Ningo Prampram District is one of the twenty-nine districts in Greater Accra Region, Ghana. Originally it was formerly part of the then-larger Dangme West District in 1988, which was created from the former Dangme District Council, until the southern part of the district was split off to create Ningo-Prampram District on 28 June 2012; thus the remaining part has been renamed as Shai-Osudoku District.

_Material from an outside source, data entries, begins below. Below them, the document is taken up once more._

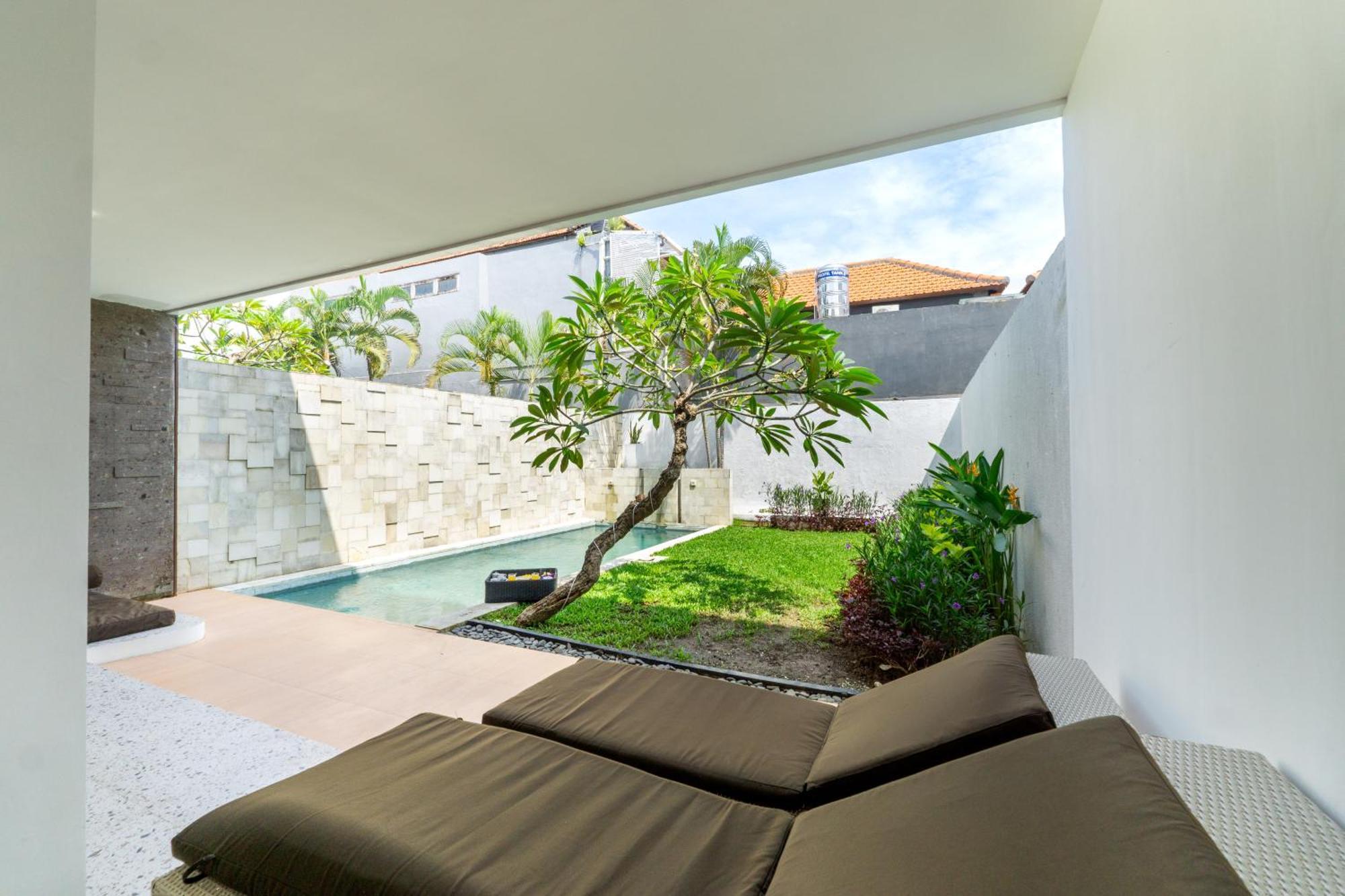 Jay'S Villa Umalas Canggu Quarto foto
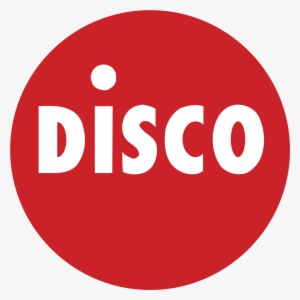 Disco Logo Png Transparent - Almost Skateboards Logo #1184308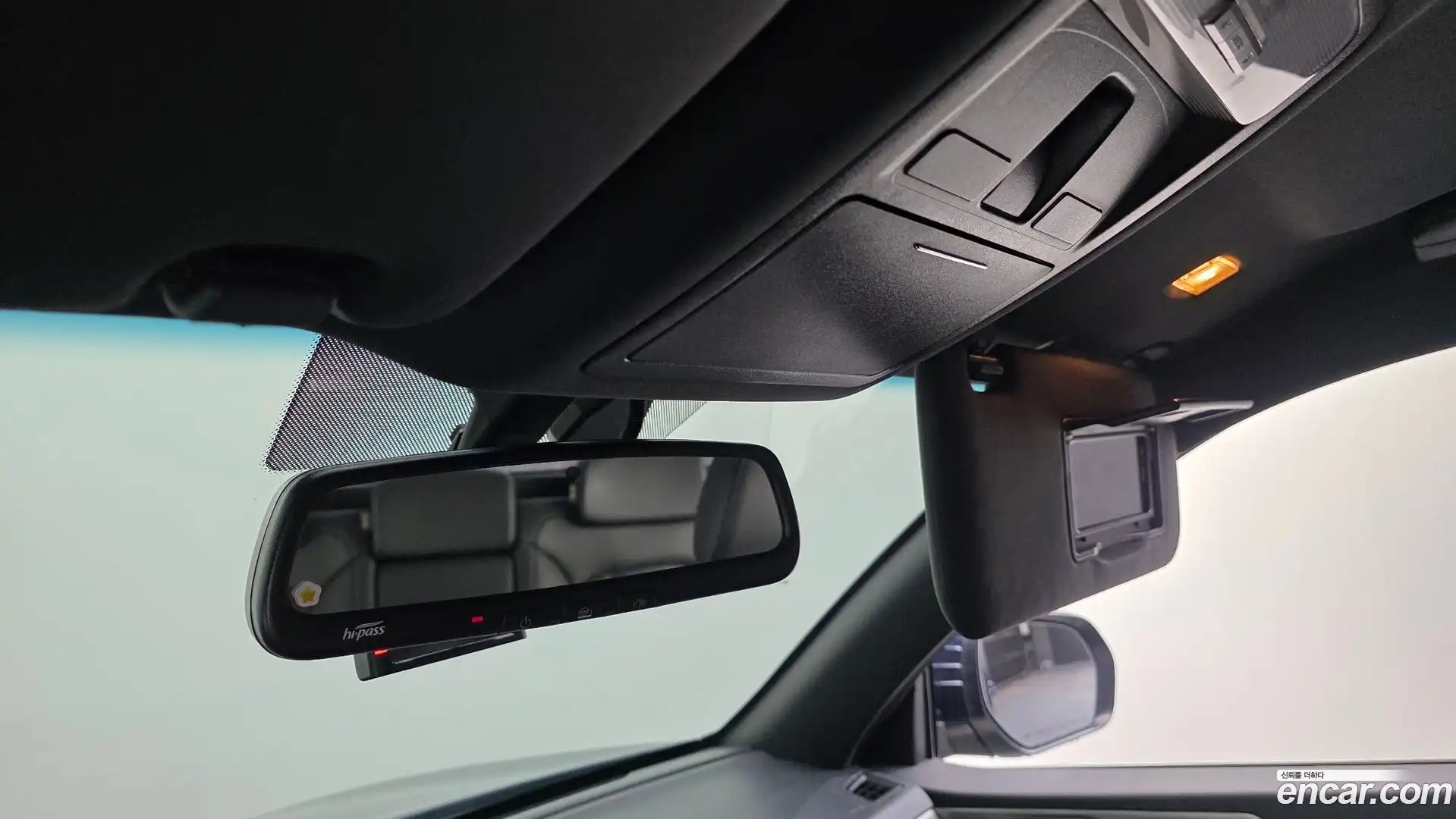 Rexton KG Mobility 2019.5-OPTION-021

The district assembly is located in the eastern part of Greater Accra Region and has Prampram as its capital town.

In November 2024, the Ningo Prampram District was elevated from district status to a municipal assembly, the Ningo Prampram Municipal Assembly.

==Background==
The district is bordered to the north by Shai Osudoku District, to the east by Ada West District, to the south by the Gulf of Guinea, and to the west by Kpone Katamanso District. The total area of the district is 622.2 square kilometers.

According to the 2010 census, the population of the district was 70,923, with 33,514 males and 37,409 females. The most recent population count is 204, 673 based on the Ghana 2021 Population and Housing Census record is 87,393.